Add to this equation one final limitation. Most tomato varieties rely on two pigments for their signature ruby-ripeness: carotene and lycopene. When exposed to temperatures above 85-degrees, these pigments stop synthesizing. Almost-ripe tomatoes entering a heat wave will hang on the vine with that I’m-nearly-there yellow-orange color, inspiring unrequited thoughts of caprese salads and gazpacho until the heat breaks.
With sufficient water and any but the most pitiful soils, tomatoes will whistle right along until the thermostat hits 85, at which point they’ll start putting the breaks on fruit production. At 95, they enter survival mode, a temperature at which I, too, have little else on my mind.
While gardeners have few tools at their disposal with which to convince tomatoes, and most other flowering and fruiting plants, to mature in the midst of a heat wave, they can prepare their plants to better cope with a week (or three) of heat, and recover more quickly once it’s over. Irrigation is key; water deeply before a heat wave, and use drip irrigation when possible to ensure the water is going straight to the root zone, where your plants need it most.
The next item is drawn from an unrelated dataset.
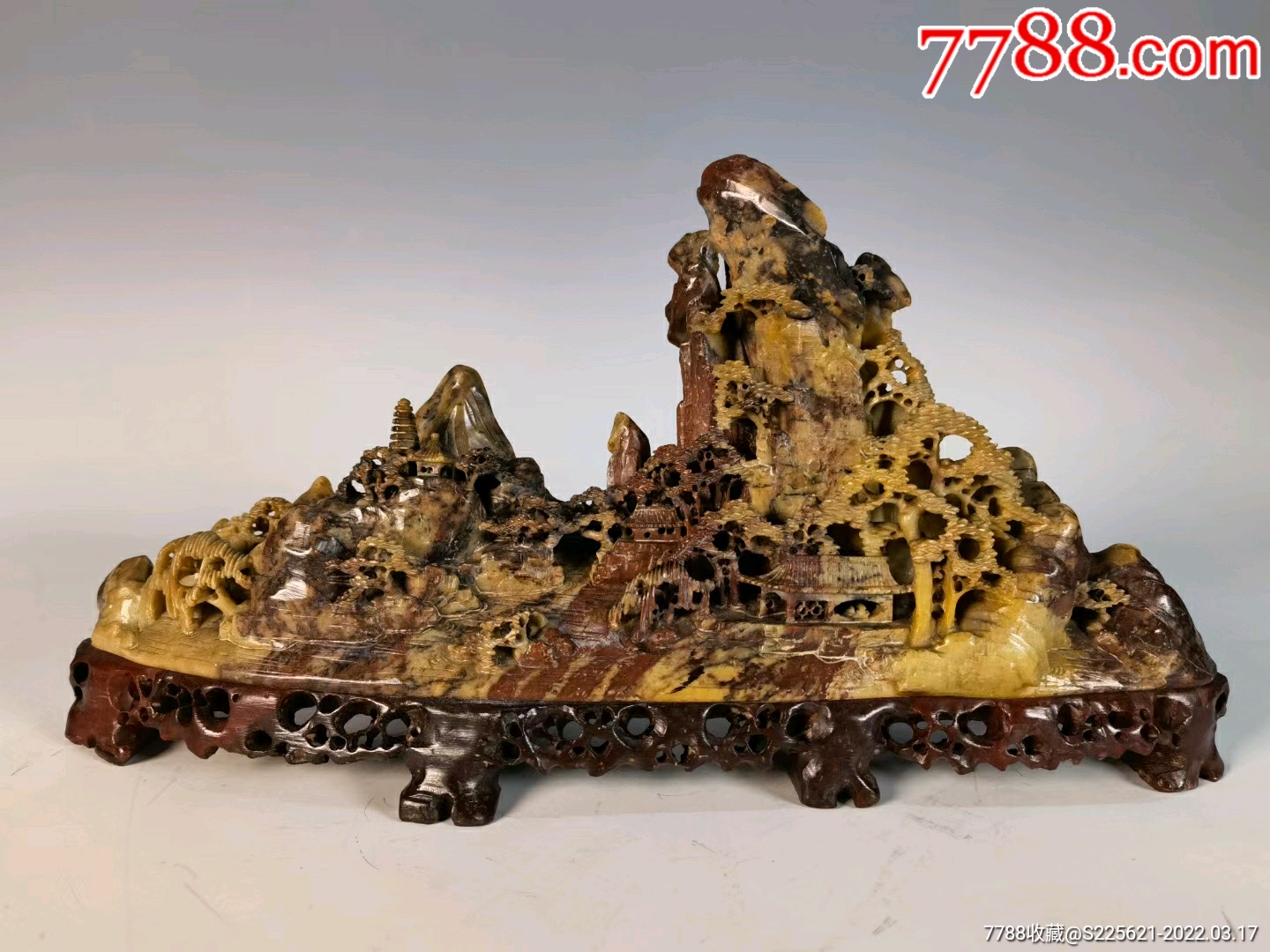 青田石俏色巧雕高山亭阁山子摆件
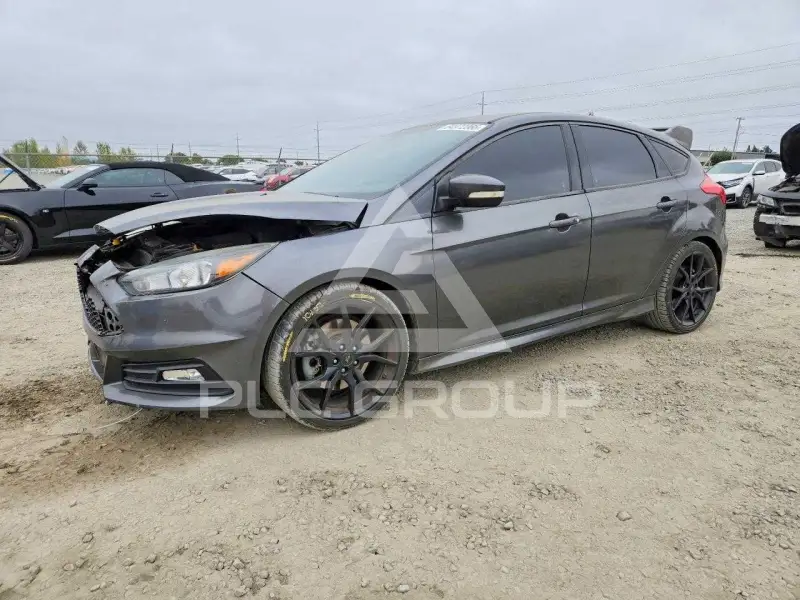 2017 Ford FOCUS photo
A thick bed of mulch helps to moderate soil temperature and protect it from drying sunshine and winds. Resist fertilizing before or during a heatwave, which will promote tender new growth that is completely unprepared to withstand the harsh conditions.
And finally, summer is not a good time to prune. A healthy head of foliage helps a plant provide its own shade as well as photosynthesizing replacements if and when cell death does occur on the front lines. If you feel the compulsion to remove something, take a load off your tomato plants and cull a few green fruits. Those left behind will ripen that much faster.